The Americanized Church is Cliquish
It has in groups and out groups, super-spiritual groups and not so spiritual groups. It tends to break down into socioeconomic layers.

Cliques have the right to decide who is in and who is out, who gets included and who gets excluded. SKRRRRR! But there are ways to fix that part of the Americanized church.

First is a commitment to the growth of others as much as to our own growth (See Ro. 15:1-2). This is contrary to much of evangelical culture. We ask, “What’s it doing for me? If it isn’t meeting my need, I’m not going to go.” Rather — with balance — we should evaluate: will my presence be an encouragement to a weaker brother or sister? Will my service edify someone other than me?

Second is a commitment to personal examination and submission to scripture (See 2 Tim. 3:16-17). The scriptures challenge and correct my thinking. I can’t be cliquish when they’re doing that. They equip me for good works. Without that — when my mind is not “washed with the water of the word” — I’m “equipped for bad works.”

Being part of a church is a commitment to doing all of these things in a community of others who are also doing them. It’s building friendships that are more than skin deep.

In his book, The Me I Want to Be, Pastor and author John Ortberg writes of the power of that kind of vulnerability.
“One of the most important moments of my spiritual life was when I sat down with a longtime friend and said, “I don’t want to have any secrets anymore.”

I told him everything I was most ashamed of. I told him about my jealousies, my cowardice, how I hurt my wife with my anger. I told him about my history with money and my history with sex. I told him about deceit and regrets that keep me up at night. I felt vulnerable because I was afraid that I was going to lose connection with him. Much to my surprise, he did not even look away.

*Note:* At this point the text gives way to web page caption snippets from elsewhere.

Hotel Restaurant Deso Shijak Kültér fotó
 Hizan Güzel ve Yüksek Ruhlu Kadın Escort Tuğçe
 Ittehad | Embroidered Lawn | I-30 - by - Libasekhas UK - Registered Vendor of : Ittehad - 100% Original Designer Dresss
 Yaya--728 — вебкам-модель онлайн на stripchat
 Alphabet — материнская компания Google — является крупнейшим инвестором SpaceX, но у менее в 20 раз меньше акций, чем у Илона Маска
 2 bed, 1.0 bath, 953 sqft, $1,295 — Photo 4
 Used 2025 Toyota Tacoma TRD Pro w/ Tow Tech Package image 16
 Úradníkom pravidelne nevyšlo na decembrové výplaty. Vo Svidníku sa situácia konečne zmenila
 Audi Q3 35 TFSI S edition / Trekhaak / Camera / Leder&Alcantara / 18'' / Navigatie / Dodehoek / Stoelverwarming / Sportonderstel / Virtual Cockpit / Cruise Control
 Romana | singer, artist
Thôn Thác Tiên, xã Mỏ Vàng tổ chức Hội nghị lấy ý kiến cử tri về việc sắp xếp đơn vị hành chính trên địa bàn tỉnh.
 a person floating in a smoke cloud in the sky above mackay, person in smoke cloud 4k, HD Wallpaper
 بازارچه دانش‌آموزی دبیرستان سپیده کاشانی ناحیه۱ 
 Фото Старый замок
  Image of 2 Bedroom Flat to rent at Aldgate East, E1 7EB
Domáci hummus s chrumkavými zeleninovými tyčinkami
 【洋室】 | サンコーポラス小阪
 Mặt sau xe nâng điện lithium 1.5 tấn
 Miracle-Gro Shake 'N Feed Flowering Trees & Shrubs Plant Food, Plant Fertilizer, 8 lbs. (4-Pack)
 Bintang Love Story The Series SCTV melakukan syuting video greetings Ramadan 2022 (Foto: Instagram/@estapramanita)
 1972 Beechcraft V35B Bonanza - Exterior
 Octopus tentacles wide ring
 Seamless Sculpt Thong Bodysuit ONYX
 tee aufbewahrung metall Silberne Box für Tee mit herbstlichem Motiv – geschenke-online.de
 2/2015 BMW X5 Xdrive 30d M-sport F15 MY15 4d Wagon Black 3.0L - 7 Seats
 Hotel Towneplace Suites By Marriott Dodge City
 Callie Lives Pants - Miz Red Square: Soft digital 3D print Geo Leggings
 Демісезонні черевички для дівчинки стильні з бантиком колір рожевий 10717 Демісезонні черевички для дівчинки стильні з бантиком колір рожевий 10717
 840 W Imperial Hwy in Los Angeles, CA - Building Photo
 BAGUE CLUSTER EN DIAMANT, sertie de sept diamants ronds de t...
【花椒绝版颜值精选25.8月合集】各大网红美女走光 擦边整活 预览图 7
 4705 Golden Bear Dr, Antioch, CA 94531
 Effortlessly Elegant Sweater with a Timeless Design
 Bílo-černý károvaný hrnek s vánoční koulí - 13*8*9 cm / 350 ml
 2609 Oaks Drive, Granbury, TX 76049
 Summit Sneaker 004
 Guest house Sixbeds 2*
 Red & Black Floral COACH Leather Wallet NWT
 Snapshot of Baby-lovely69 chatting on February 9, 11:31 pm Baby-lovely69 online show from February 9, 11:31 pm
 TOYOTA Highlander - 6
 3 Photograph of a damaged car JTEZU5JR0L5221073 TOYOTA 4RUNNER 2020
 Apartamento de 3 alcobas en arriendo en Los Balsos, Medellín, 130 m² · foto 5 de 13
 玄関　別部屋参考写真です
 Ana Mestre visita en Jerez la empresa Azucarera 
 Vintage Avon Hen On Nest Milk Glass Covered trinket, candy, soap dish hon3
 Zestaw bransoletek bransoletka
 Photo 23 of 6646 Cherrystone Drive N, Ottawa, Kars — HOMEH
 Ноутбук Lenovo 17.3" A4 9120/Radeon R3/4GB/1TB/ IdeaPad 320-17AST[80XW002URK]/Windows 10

I will never forget his next words.

“John,” he said. “I have never loved you more than I love you right now.” The very truth about me that I thought would drive him away became a bond that drew us closer together. He then went on to speak with me about secrets he had been carrying.

If I keep part of my life secret from you, you may tell me you love me. But inside I think that you would not love me if you knew the whole truth about me. I can only receive love from you to the extent that I am known by you.”

So how well is your church working? Are you hearing a loud grating noise coming from the sanctuary? Or is it humming down the road in good order, ready for the next task the Lord assigns it? Whatever the case, it’s never a bad idea to take it in for an annual inspection.